While 'dancing round the D word'
Nora Ephron made the following observations:
Chances of dying.
When you cross into your sixties, your odds of dying -
or merely getting horribly sick on the way to dying - spike.
Death is a sniper. It strikes people you love,
people you like, people you know,
it's everywhere.
You could be next.
But then you turn out not to be.
But then again you could be.
Questions
Here are some questions I am constantly noodling over:
Do you splurge or do you hoard?
Do you live every day as if it's your last,
or do you save your money
on the chance you'll live twenty more years?
Is life too short,
or is it going to be too long?
Do you work as hard as you can,
or do you slow down to smell the roses?
And where do carbohydrates fit into all this?
And what about chocolate?
There's a question for you, Gertrude Stein -
(who as she lay dying was asked by
Alice B. Toklas, "What is the answer?")
what about chocolate?
The final prognosis.
Before you get sick, you have absolutely no idea
of how you're going to feel once you do.
You can imagine you'll be brave,
but it's just as possible you'll be terrified.

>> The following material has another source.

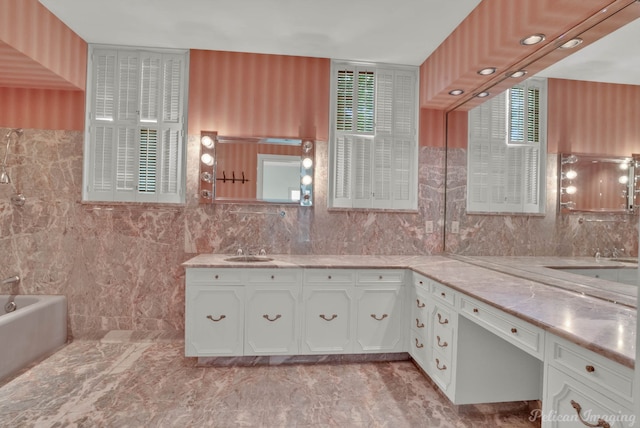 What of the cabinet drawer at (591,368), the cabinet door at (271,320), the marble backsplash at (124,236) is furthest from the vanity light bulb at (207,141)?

You can hope that you'll find a way to accept death,
but you could just as easily end up raging against it.
The funeral.
I know what sort of food I would like served:
those little finger sandwiches
from this place on Lexington Avenue called William Poll.
And champagne would be nice. I love champagne.
It's so festive.
But otherwise I don't have a clue.
Burial or cremation?
I haven't even figured out whether I want to be
buried or cremated -largely because I've always worried
that cremation in some way lowers your
chances of being reincarnated.
(If there is such a thing.) (Which I know there isn't.)
(And yet.)
Life goes on.
I need more bath oil.
And that reminds me to say something about bath oil.

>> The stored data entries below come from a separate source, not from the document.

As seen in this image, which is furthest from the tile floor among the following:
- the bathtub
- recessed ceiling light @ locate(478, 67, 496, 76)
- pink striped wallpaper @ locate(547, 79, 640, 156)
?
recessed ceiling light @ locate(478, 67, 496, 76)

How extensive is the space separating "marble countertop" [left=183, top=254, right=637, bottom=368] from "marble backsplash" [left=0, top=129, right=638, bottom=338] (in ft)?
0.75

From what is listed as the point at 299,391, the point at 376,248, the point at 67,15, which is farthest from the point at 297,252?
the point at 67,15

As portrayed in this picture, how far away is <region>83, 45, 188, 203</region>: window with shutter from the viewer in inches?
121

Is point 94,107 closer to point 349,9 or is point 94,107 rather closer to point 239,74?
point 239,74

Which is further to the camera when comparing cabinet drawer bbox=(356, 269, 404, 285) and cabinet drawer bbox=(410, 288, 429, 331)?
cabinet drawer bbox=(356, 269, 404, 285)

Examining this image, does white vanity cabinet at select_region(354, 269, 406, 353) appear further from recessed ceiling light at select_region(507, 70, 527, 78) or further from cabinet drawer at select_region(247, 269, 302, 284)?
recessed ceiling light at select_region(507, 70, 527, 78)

I use this bath oil I happen to love.
It's called Dr. Hauschka's lemon bath.
It costs about twenty dollars, which
is enough for about two weeks of baths
if you follow the instructions.
The instructions say one capful per bath.
But a capful gets you nowhere.
A capful is not enough. I have known this for a long time.

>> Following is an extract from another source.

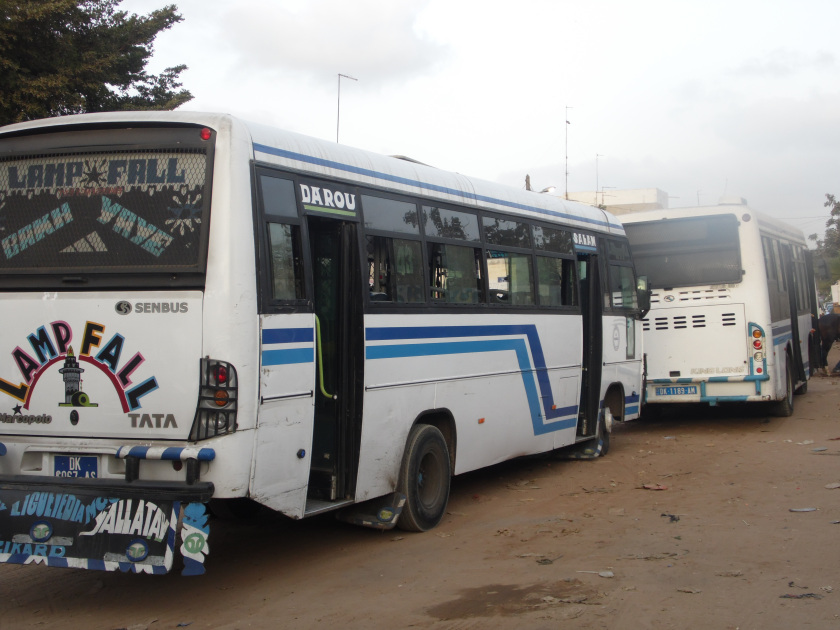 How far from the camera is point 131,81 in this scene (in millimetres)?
16359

But if the events of the last few years have taught me anything,
it's that I'm going to feel an idiot if I die tomorrow
and I skimped on bath oil today.
So I use quite a lot of bath oil.
More than you could ever imagine.
After I take a bath,
my bathtub is as dangerous as an oil slick.
But thanks to the bath oil, I'm as smooth as silk.
I am going out to buy more, right now.